Beginning January this year, first-year students at the School of Architecture began designing houses in New Haven.
The student designs are unfolding as part of the Jim Vlock Building Project, a competition that tasks students with envisioning and constructing a complete house in one of New Haven’s neighborhoods. The initiative was created in 1967 to give students hands-on experience and a glimpse of what the architecture profession is truly like. Now run by Critic and Director of the Building Project Adam Hopfner ARC ’99, the portion of the curriculum is an “important part of the school,” said Dean of the School of Architecture Robert A.M. Stern ARC ’65.
“This is an opportunity for the students to get an idea of the relationship between the professional work and the field work,” said Paul Brouard, who ran the project for 42 years before his recent retirement.
This year’s construction, to be erected at 179 Scranton St. in the West River neighborhood, is a small 800 square-foot, two-family home.
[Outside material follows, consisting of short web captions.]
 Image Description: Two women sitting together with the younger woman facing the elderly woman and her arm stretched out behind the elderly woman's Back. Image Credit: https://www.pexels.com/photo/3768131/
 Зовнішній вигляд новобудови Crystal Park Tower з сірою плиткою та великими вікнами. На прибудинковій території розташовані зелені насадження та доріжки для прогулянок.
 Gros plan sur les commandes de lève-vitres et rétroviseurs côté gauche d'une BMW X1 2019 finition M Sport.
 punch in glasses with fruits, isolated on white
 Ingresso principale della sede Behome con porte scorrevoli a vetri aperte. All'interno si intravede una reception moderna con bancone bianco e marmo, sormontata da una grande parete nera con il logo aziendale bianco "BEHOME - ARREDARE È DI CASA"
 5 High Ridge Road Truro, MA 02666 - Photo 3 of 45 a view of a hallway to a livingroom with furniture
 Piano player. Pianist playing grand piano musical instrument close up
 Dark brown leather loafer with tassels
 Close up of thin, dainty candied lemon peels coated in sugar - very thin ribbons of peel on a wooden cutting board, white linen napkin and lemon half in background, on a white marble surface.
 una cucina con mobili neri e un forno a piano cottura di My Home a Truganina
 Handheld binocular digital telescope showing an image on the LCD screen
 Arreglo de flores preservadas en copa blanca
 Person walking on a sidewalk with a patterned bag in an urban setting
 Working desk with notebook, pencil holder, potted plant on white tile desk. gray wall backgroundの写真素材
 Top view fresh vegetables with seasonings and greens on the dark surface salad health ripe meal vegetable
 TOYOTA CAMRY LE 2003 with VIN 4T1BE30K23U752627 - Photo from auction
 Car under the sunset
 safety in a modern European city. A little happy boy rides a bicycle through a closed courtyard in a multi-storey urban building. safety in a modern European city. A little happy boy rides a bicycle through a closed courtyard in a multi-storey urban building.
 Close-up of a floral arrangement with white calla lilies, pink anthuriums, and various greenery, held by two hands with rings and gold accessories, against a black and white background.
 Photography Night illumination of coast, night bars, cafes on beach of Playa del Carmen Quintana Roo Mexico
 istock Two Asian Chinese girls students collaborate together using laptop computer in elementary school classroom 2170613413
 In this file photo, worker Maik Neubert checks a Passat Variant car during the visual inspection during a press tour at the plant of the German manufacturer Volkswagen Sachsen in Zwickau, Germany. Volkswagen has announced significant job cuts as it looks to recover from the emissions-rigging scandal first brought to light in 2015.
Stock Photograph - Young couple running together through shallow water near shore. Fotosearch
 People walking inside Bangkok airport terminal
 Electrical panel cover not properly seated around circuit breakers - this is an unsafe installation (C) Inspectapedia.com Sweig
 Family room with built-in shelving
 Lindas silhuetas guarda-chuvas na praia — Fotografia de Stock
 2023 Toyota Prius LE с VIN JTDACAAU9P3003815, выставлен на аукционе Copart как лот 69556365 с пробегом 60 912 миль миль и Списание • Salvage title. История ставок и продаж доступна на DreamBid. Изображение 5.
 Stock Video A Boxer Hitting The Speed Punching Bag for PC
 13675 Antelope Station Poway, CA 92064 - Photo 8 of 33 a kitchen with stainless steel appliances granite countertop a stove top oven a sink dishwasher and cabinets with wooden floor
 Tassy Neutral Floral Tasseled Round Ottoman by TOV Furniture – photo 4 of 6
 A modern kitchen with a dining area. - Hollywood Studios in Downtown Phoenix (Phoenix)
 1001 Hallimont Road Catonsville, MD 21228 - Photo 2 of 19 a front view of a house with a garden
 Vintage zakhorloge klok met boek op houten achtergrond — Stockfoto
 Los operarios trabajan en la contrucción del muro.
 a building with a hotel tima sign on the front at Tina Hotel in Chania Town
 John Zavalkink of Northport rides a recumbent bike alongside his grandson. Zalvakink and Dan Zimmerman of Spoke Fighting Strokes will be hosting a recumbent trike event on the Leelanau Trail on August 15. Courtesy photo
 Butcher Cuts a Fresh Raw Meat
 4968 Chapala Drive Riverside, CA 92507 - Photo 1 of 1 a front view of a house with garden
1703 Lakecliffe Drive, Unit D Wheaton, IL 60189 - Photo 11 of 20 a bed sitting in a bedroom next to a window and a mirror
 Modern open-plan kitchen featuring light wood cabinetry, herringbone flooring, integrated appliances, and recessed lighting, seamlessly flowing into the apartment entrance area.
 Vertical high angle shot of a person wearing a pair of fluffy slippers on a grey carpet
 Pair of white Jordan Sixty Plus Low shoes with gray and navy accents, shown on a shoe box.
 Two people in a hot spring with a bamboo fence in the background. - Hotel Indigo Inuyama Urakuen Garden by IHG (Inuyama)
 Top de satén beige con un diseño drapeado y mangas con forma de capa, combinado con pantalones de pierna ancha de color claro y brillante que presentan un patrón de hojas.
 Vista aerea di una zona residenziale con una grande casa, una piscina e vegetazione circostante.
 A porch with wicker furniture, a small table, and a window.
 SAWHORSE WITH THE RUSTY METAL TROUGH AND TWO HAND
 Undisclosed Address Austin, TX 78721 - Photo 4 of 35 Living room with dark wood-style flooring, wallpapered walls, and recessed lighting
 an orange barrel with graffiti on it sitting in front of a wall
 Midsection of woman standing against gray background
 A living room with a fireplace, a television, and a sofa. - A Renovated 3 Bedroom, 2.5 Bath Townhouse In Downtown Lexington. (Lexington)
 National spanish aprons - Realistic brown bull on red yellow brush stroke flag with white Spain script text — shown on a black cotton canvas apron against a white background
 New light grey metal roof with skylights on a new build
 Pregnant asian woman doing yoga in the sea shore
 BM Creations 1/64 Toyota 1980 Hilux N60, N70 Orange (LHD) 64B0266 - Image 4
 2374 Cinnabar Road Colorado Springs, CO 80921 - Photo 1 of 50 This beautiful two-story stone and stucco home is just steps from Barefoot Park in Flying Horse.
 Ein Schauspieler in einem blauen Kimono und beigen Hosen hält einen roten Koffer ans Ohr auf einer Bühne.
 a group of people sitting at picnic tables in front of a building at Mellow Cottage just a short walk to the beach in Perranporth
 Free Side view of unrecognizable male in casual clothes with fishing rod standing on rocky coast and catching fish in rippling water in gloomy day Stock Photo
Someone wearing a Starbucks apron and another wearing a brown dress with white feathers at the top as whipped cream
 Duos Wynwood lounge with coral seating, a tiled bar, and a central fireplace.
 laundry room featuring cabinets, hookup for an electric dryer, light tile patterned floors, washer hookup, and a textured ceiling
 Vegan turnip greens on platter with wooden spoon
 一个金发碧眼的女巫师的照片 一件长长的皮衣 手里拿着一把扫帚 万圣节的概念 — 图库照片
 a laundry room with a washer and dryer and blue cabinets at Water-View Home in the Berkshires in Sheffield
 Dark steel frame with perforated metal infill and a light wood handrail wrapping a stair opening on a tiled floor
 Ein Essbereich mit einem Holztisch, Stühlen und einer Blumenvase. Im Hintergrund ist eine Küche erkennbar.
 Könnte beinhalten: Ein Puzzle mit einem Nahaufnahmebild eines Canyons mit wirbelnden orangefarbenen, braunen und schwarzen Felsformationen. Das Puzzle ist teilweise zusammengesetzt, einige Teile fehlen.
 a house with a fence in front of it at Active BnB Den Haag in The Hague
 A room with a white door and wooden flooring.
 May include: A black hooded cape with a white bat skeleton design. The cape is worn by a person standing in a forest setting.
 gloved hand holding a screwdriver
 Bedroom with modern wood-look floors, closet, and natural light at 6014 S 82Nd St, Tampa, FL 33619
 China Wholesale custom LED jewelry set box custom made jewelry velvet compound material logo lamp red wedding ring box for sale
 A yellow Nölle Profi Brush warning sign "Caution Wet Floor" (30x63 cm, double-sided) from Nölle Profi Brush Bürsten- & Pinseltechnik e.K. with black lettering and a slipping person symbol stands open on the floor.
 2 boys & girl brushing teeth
Its most notable feature will be its “replicability” — the hope is that the house’s minimalistic design will be reproduced throughout the neighborhood and New Haven more broadly, explained Katherine Stege ARC ’16, one of the group leaders in this year’s competition.
The selection process began in late March, when each of the 54 students in their first year at the school presented an individual design in front of a panel of judges. Seven designs have been chosen to continue the competition on the basis of their originality and clarity, among other factors, said participant Jessica Flore Angel ARC ’16. The students have now coalesced into seven groups, each consisting of seven or eight students, and have until April 24 to refine and finish their ideas. A panel of judges, comprised of potential clients, faculty and Dean Stern, will select the best design in late April, and the winning concept will be built during the summer by students and a group of specialized workers.
Brouard explained that the nature of the project has changed significantly over the years. Early iterations of the project were built not in New Haven, but in the Appalachians, West Virginia and other areas of Connecticut, where the students designed and constructed not houses but pavilions, medical centers and city parks. The “evolutionary process,” Brouard said, moved the project to New Haven after the organization Habitat for Humanity became involved. The group suggested building houses in New Haven as a means of reaching out to the local community and allowing the students to produce more complete architectural structures than just concert or theatre stages, as had been done in Bridgeport.
“Historically, the projects had been criticized for not pushing the architecture far enough,” Stege said.
In the current iteration of the project, Stege noted, participants are required to blend their original designs with an awareness of the context of the community where the house will be erected. She added that the students are collaborating with nonprofit clients contracted to help build the home.
“By building a new house we might give a leg up to people who might be encouraged to fix up their own houses,” Stern said.
The house will be dedicated in late September in a ceremony attended by New Haven Mayor Toni Harp and University President Peter Salovey.
Correction: April 16
A previous version of this article mistakenly stated that the address of the house being built by the Vlock Building Project as 179 State St.; in fact it is 179 Scranton St. Additionally, the article incorrectly spelled the name Jessica Flore Angel, and mistakenly attributed the title of “Professor” to Critic and Director of the Building Project Adam Hopfner. The students also began their designs in January, and not after Spring Break as previously stated.